Les aventures de Huckleberry Finn, de Mark Twain, se déroulaient dans les années 1840. C’est une trentaine d’années plus tard que l’on retrouve Huck dans les Black Hills. L’éternel vagabond semble avoir enfin trouvé un lieu qui lui plaît. Après des années à courir l’ouest comme éclaireur pour l’armée, dresseur de chevaux ou cavalier du Pony Express, il s’est enfin posé à Deadwood Gulch. Là, il paresse, chasse et pêche avec son ami Eeteh, un indien lakota plus ou moins ostracisé par sa tribu à cause de son peu d’appétence pour la chasse aux scalps, et boit des coups avec le vieux Deadwood qui passe son temps à raconter des sornettes. Mais la découverte d’un gros caillou jaune, va changer le destin de la petite communauté. La ruée vers l’or va drainer jusqu’ici pionniers, bandits, assassins, tuniques bleues et même Tom Sawyer lui-même.
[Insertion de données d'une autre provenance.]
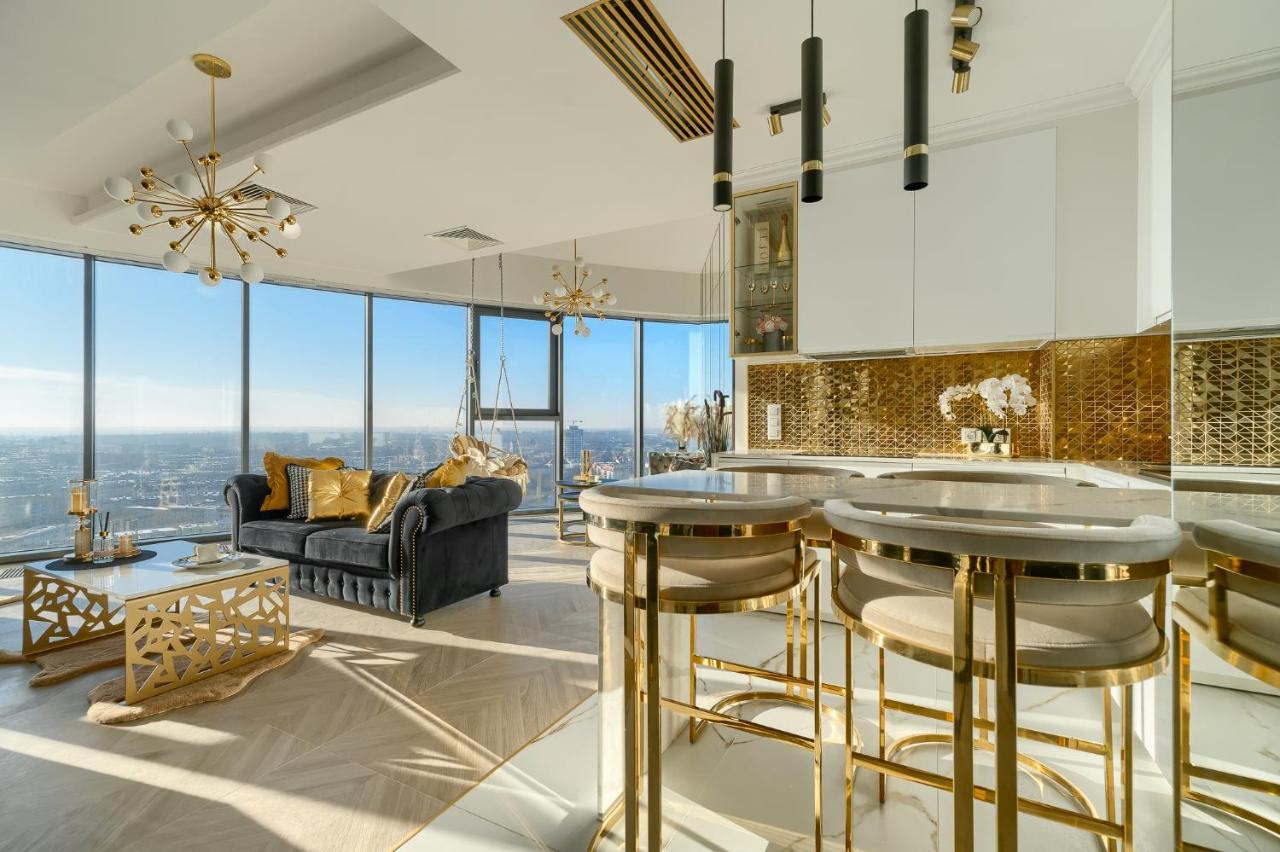 Hanza Tower Gold ชเตชชิน ภายนอก รูปภาพ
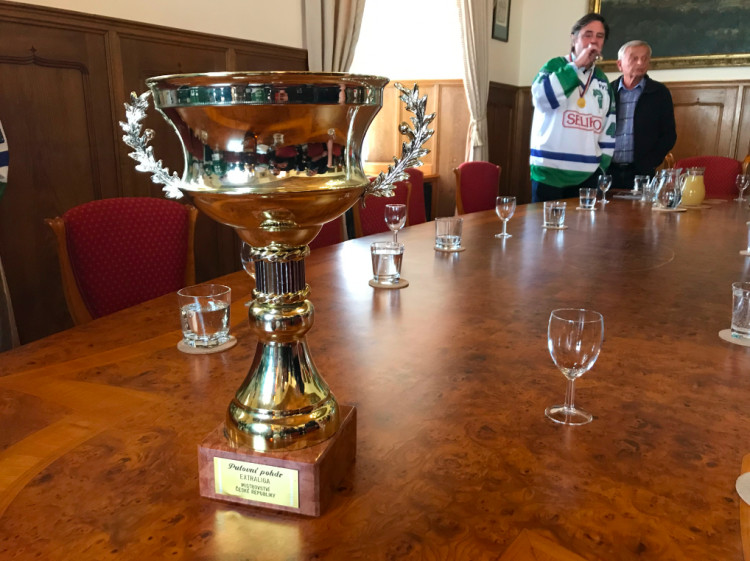 FOTOGALERIE: Hokejoví mistři z roku 1994 opět spolu! Sešli se s primátorem a podepsali se fanouškům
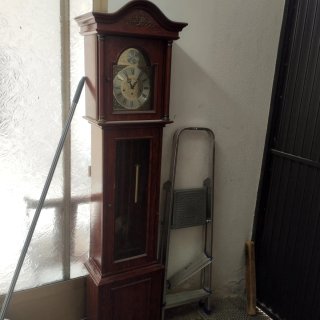Reloj de pie clásico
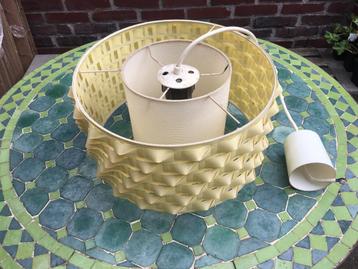 Vintage hanglamp beschikbaar voor biedingen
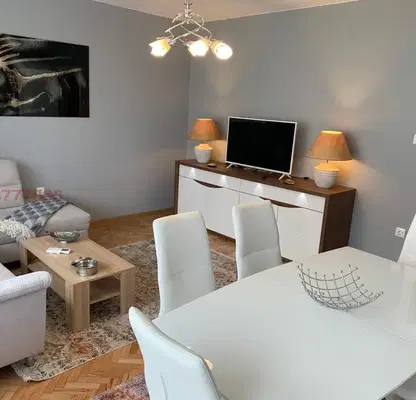 Photo 4 — Three-room apartment near Medical Academy with terrace in Sofia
« Le Gulch, la première fois que je m’y avais faufilé, il paraissait fixé là à tout jamais, sauf que, ben c’était pas le cas. Y en avait tout plein qui débarquaient à l’affût de fortunes à se faire et qui finissaient toujours par trouver le chemin jusqu’à la bibine de Zeb, et c’est qu’ils étaient toujours plus nombreux, à rôder à flanc de collines et le long des ruissos. Y avait les ceusses qu’avaient déjà posé leurs jalons, et les ceusses qui fourmillaient dans le coin au cas où y aurait eu des trucs à barboter. Ils faisaient les cent pas tout partout et chaque jour l’endroit était de plus en plus usé et sivilisé. »

La « sivilisation », de fait, Huck voudrait la fuir comme la peste. Mais le changement radical des lieux et l’arrivée de tout un tas de gens pas très bien intentionnés l’empêchent de partir aussi vite qu’il le voudrait.

Robert Coover se glisse avec aisance et, disons-le, génie, dans les traces de Mark Twain. Il reprend non seulement ses personnages mais aussi son sens de l’invention langagière – félicitations au passage au traducteur Stéphane Vanderhaege – et va un peu plus loin. Huck a grandi mais n’a guère changé. Son récit à la première personne est une ode à la liberté faussement naïve mais bien intentionné. Tom Sawyer, dont la face sombre apparaissait déjà chez Twain est devenu un personnage dénué de scrupules, mu par la recherche constante de l’aventure mais aussi du pouvoir. Derrière lui apparaît sous la plume de Coover le rêve américain tel qu’en lui-même : des rêves et des espoirs immenses qu’il convient de concrétiser quitte à piétiner les autres – faibles, différents, obstacles sur le chemin – et la nature au passage. Tom Sawyer le dit sans ambages dans un de ces formidables passages pleins de d’ironie et de mauvais esprit qui font la richesse de ce western noir, mélancolique, ample et bourré d’humour noir :

« -[…]Moi j’ai l’intention de me tirer au Mexique.
-Au Mexique ! Rooh, Hucky, ç’que tu peux êt’ nouille ! Mais ces sales métèques ils sont encore pire que les Indjiens ! Et ils PUENT encore plus ! Ce jus de cactus qu’ils boivent les rend encore plus mabouls que des chiens enragés qu’auraient la queue en feu ! Et entre ici et là-bas tu trouveras rien que des emmerdes. Tu peux pas aller là-bas tout seul !
-Ben j’espérais que tu voudrais bien venir avec moi.
-Moi ?
-Ils ont des montagnes d’or, là-bas. Et d’argent.
-Mais de l’or et de l’argent on en a ici aussi. Et les Mexicains c’est pas comme les Indjiens, mon ptit Huck. Les Indjiens ils s’assoient en rond par terre à moitié à poil, en petits groupes tristes à attendre une chose, qu’on vienne les siviliser au bout d’une corde ou d’un canon de fusil ; mais les Mex, eux, c’est de tout un foutu pays qu’on parle.
 »

Robert Coover, Huck Finn et Tom Sawyer à la conquête de l’ouest (Huck Out West, 2017), Chambon, 2024. Traduit par Stéphane Vanderhaege. 319 p.